IP Packet Delay Variation: 16 bits - The IP Packet Delay Variation is
defined in section 5.15 of [RFC4710] and is represented as an
unsigned integer expressed in milliseconds.
Inter-Arrival Jitter: 16 bits - The Inter-Arrival Jitter is defined
in section 5.14 of [RFC4710] and is represented as an unsigned
integer expressed in milliseconds.
Packet Discard in Fraction: 8 bits - This parameter is defined in
section 5.23 of [RFC4710] and is expressed as a fixed-point number
with the binary point at the left edge of the field. (That is
equivalent to taking the integer part after multiplying the
discard fraction by 256.) This metric is defined to be the number
of packets discarded, divided by the total number of packets.
Packet Loss in Fraction: 8 bits - This parameter is defined in
section 5.21 of [RFC4710] and is expressed as a fixed-point
number, with the binary point at the left edge of the field.
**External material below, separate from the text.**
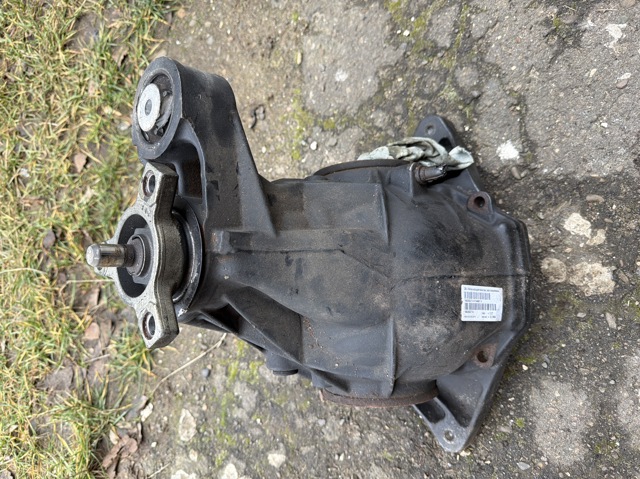 Міст середній в зборі A1663502714 MERCEDES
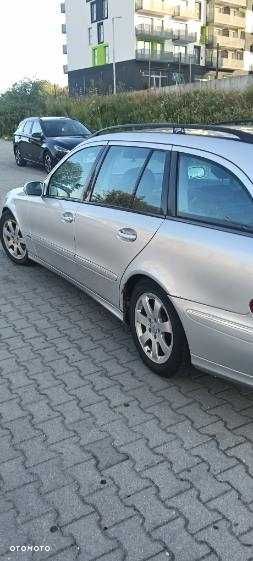 Mercedes-Benz W123 - 1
The
metric is defined to be the number of packets lost divided by the
number of packets expected. The value is calculated by dividing
the total number of packets lost (after the effects of applying
any error protection, such as Forward Error Correction (FEC)) by
the total number of packets expected, multiplying the result of
the division by 256, limiting the maximum value to 255 (to avoid
overflow), and taking the integer part.
padding: 0, 8, 16, or 24 bits - If the padding bit (P) is set, then
this field may be present. The actual padding at the end of the
BASIC part of the PDU is 0, 8, 16, or 24 bits to make the length
of the BASIC part of the PDU a multiple of 32 bits.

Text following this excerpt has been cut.